Né aux États-Unis à la fin du XIXe siècle au sein de la diaspora africaine à la suite de l’interdiction de l’esclavage, le mouvement panafricaniste vise à encourager la solidarité entre les peuples africains ou d’origine africaine, mais aussi à l’unification et l’indépendance du continent, en s’appuyant sur les ressources locales et la jeunesse. Selon Seydi Gassama cependant, cette émancipation fait défaut à la classe politique, qui semble avoir abandonné depuis un certain temps l’idée d’un État fédéral panafricain continental. Si les classes dirigeantes n’ont pas concrétisé cette aspiration, la jeune génération, lassée d’être ignorée, adhère massivement aux idées des penseurs panafricains. « Ce qui s’est passé avec George Floyd, et dans d’autres cas de violences policières racistes, est symptomatique de la place qu’occupe le Noir dans le monde.
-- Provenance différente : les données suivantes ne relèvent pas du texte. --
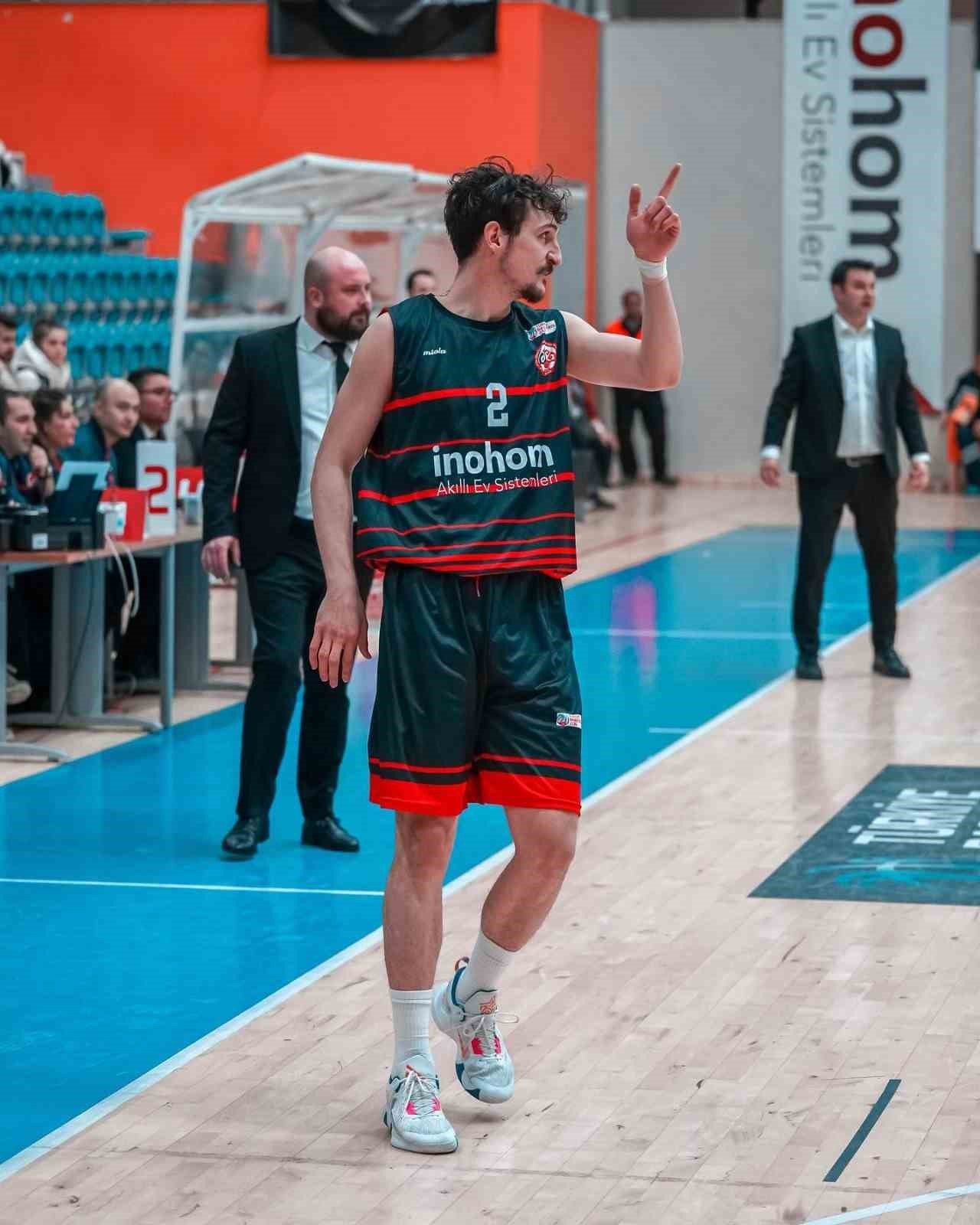 İlkler Şehri Uşak liderliği yakaladı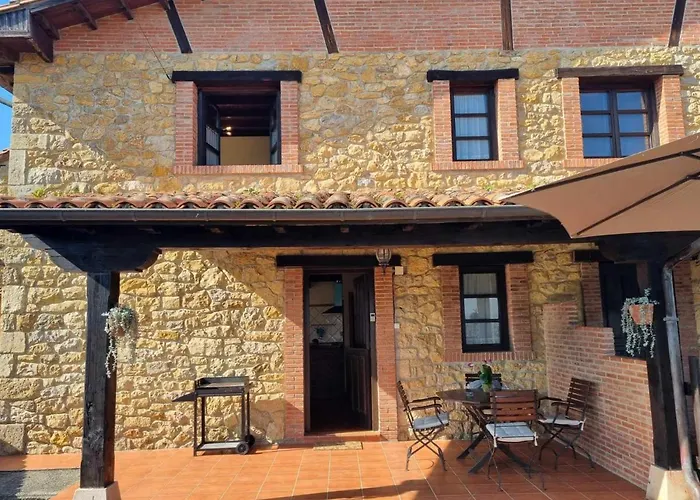 Casa Hortensias Naguar * Villanueva (Asturias)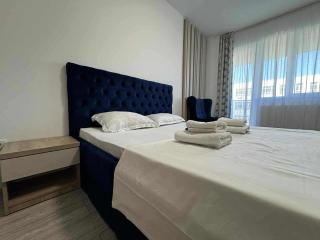 Q Luxury Apartment - 8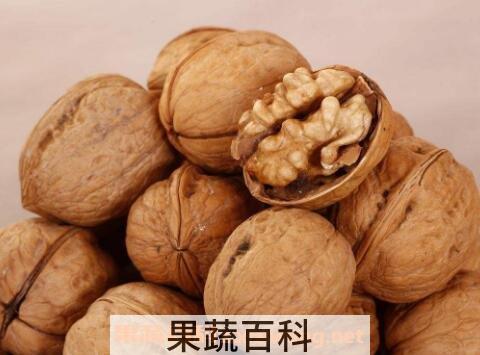 如何剥核桃壳最快的方法 核桃的营养价值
Il faut avancer, se battre pour l’égalité et mettre fin à cette domination de l’Occident », souligne Djibril, qui pense que la culture peut aider à sensibiliser beaucoup de personnes.
Les idées de Cheikh Anta Diop, égyptologue sénégalais reconnu qui a œuvré à la valorisation de l’Afrique, interpellent fortement la jeunesse africaine. Il a donné son nom à l’université de Dakar et est souvent évoqué en ces temps où tous les drames du peuple noir défilent dans la mémoire collective. En tout cas, si de nouveaux leaders panafricains émergent, les mentalités évoluent. Certains, à l’image d’Amine, restent sceptiques sur un changement en profondeur de la situation : « Je doute que ces événements rejaillissent sur le continent. Les Africains ont d’autres préoccupations en tête. C’est très loin de leur quotidien et ils doivent déjà résoudre des problématiques profondes », avance le futur médecin. De fait, si le changement reste incertain, la réflexion est plus que jamais d’actualité.